Even the décor strains to remind you how dedicated this place is to the fields and farms from whence your food sprang. A vibrant mural above the viewer-friendly kitchen depicts an almost psychedelic Hoosier harvest, including milk bottles from Traders Point Creamery and a gargantuan coffee cup emblazoned with the Hilton logo. Having inherited the high-ceilinged, big-sky dining room from the hotel's former tenant, Adams Mark, the Hilton hasn't done much to make the space more intimate.
Lightweight, low-backed chairs made it hard to sit upright while we dined. China rimmed in yellow and blue and checkered napkins seemed pretty homey for a meal that for two ran over $100. Thankfully, a tripod in one corner previewed some coming attractions - including a much-needed renovation more in keeping with Hilton style.
Beyond the gimmick and atmosphere, however, 120 West Market does put its dishes where its mouth is. The lesson to learn about our ecoregion is that there are some tasty eats around these parts, especially when handled by a clearly talented kitchen staff. For a "hot start," the smoked duck and mushroom dumplings ($8) were rich bundles of duck and chopped mushrooms in flaky, pan-fried wonton skins. A butternut squash "bisque" around the plate was a little watery, but wilted greens added a bit of contrast to a somewhat salty appetizer.
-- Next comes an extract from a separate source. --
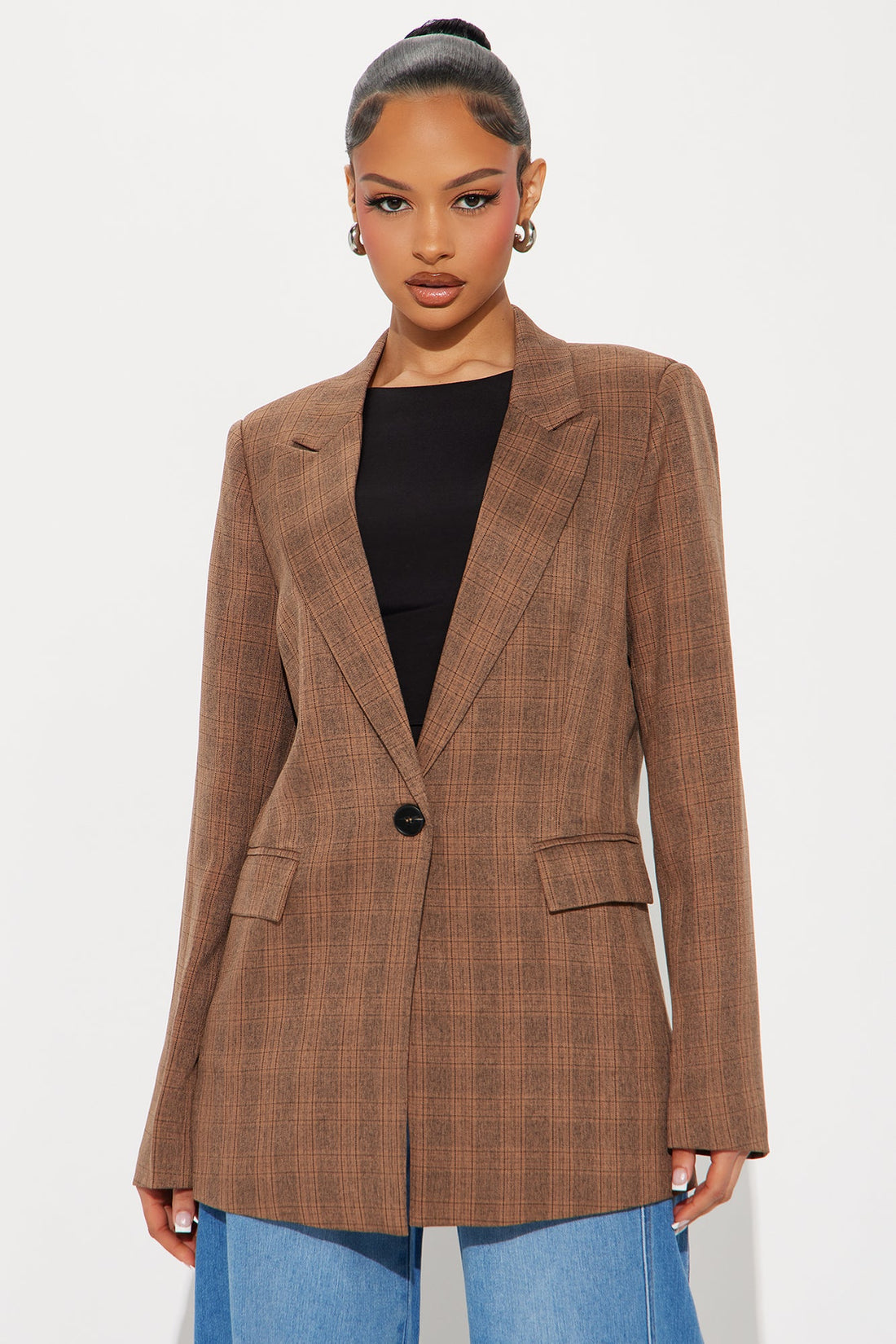 Kimberly Plaid Blazer - Brown/combo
Salads provided the most over-the-top course. The field salad ($6) contained some familiar elements, but greens were fresh, raspberries were plump and sweet, and Capriole goat cheese added a pristine, creamy richness. Unfortunately, a deluge of wild berry-mint vinaigrette made the salad almost cloyingly sweet. In contrast, "flash grilled" hearts of romaine ($6) provided a light twist on the ubiquitous Caesar. Here, however, the quite large hearts weren't really charred enough, and a delicious, creamy dressing had been drizzled so lightly we had to ask for more.
"Main Plates" tended to be heavy, more the fare you'd expect in December instead of July. Elk loin ($24) was a great alternative to beef, only slightly chewy with an earthy undertone that paired well with an expert wild mushroom risotto. A compote of dried Michigan cherries and Gold Rush apples was a little overpowering but worked well with the meat. A surprisingly tender wood-grilled pork chop ($16) came atop a hearty stew of white beans and Klemm's smoked sausage. This was a dish perhaps better for colder weather. But the flavors worked well together, though the chop could have derived more flavor from the promised coating of whole-grain mustard.
Desserts were heavy on chocolate, but a strawberry-rhubarb pie seemed a nice way to celebrate the season. Unfortunately, the pastry on an individual tart was somewhat mushy, and the tang of rhubarb was lost under a scoop of grocery store-quality ice cream. A fluorescent red strawberry sauce, the kind you'd get on a sundae, swamped the plate, sending this sweet dessert over the edge.
120 West Market may be heading down a trail already blazed by a few local chefs. But it's certainly not dishing up typical hotel fare. If it can fine tune some dishes and balance Hoosier ingredients with Hilton sophistication, it has the potential to become not just another restaurant but a culinary destination in the heart of a very fertile ecoregion.